Lo mejor casi llegó al final, cuando recuperó Cigarettes y regaló una emotiva versión nocturna de una canción de Magnetic Fields, All My Little Words, en español. Ligera decepción.

Delicioso debut de Dybdahl

Pero volvamos a los fiordos. Thomas Dybdahl es una auténtica pop star noruega, que han comparado con Harry Nilsson, Leonard Cohen, o incluso Ryam Adams . Este ´Nick Drake noruego´ como lo calificó el NME, tiene también el trágico aire folkie, que combina con guitarras acústicas, espectrales orquestaciones y suntuosas texturas folk-soul.

En su delicioso debut en Cartagena, Dybdahl escarbó el folk enraizado y terroso por el que ya se le conocía, pero también acentuó más el funk, elemento con el que solo había flirteado un poco hasta ahora. En la Catedral el músico noruego experimentó con los ritmos y con su manera percusiva de tocar la guitarra; interpretó piezas juguetonas entre etéreos colchones de atmósferas sintéticas que evocan mañanas soleadas.
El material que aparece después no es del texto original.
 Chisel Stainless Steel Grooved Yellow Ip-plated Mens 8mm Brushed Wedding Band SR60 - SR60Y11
La voz de Dybdahl, un falsete suavemente cascado, es su instrumento más distintivo. Con esa extraña y sensual voz oxidada colorea sus canciones. Pero su voz se aprecia mejor en temas cercanos al jazz con nocturnidad de altas horas, donde alcanza notas celestiales.
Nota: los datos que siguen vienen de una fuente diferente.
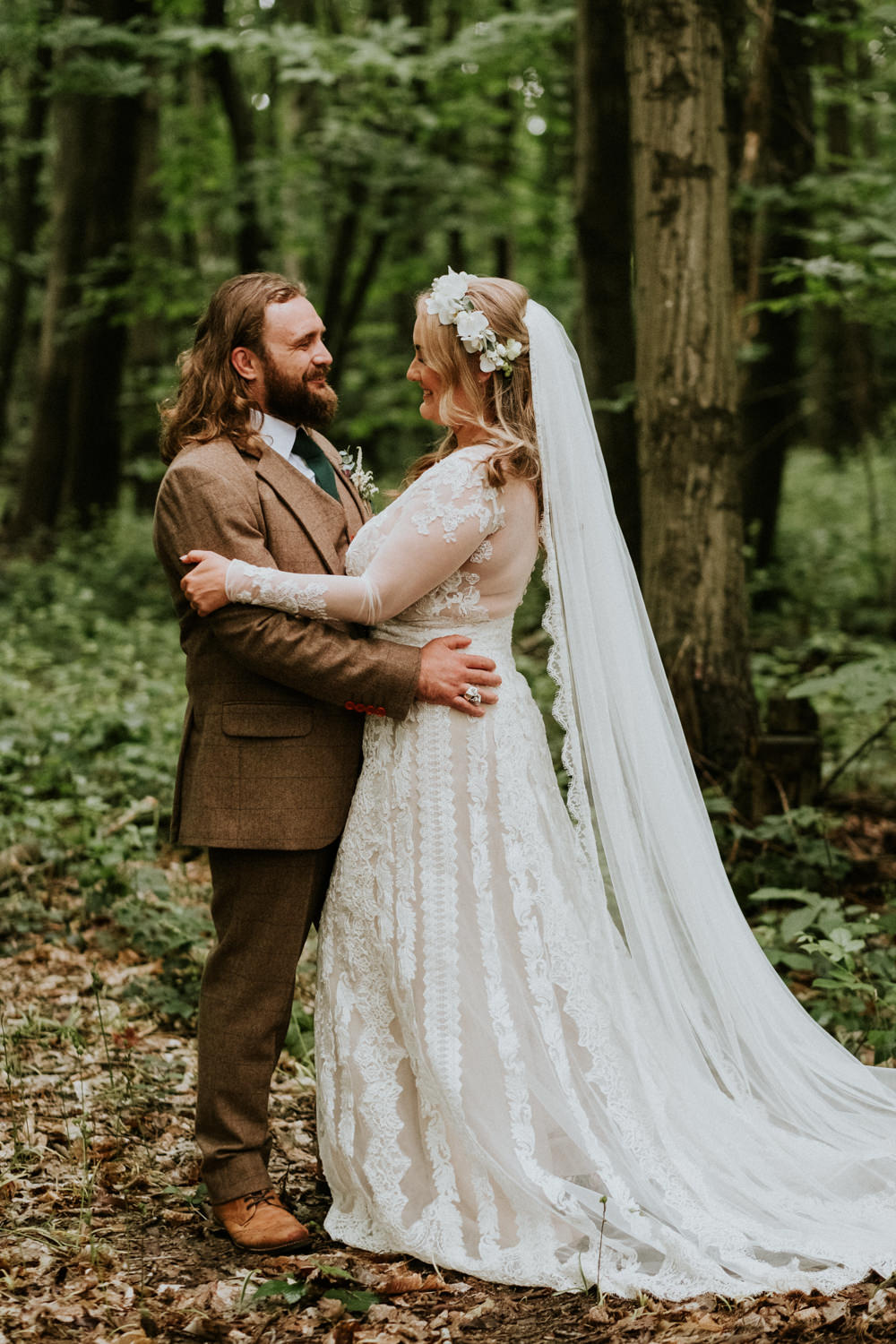 Small Woodland Wedding Joanna Nicole Photography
Su quinteto traía muchos artefactos para moldear un alegre recital que puso al público en danza. La interacción fue total: Thomas paraba a veces para hablar con el público.
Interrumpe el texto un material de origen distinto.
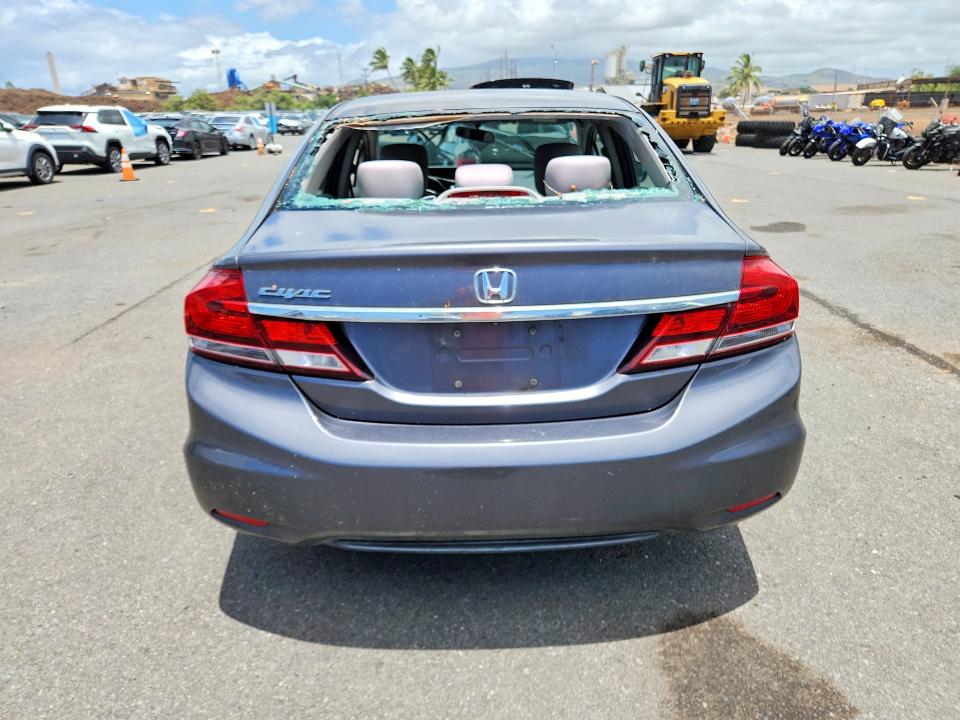 Photo 6 from auction – 2015 HONDA CIVIC with VIN 2HGFB2F5XFH542568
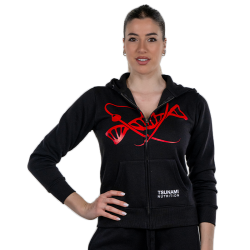 Sweatshirt zippé officiel pour femme noir
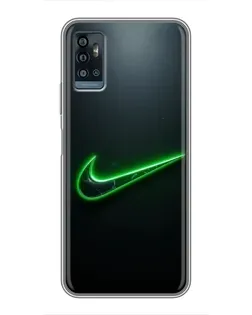 Чохол для ZTE Blade A71 з картинкою «Неоновий контур Nike»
La recta final (Man on a Wire, My little friend y From Grace), con dulces y melódicos riffs de guitarras y un apreciable contenido rítmico, levantó al público de sus asientos. La imagen estereotipada de hombre triste y melancólico tocando una guitarra saltó por los aires. El artista mantiene un consistente hilo sónico que armoniza los elementos contrapuestos: en el tejido del funk sensual late el corazón de un baladista folk. Es un sonido tan suave y sereno como claro y vibrante. Quizá sea más correcto relacionarlo con Serge Gainsbourg. Deseando volver a verlo.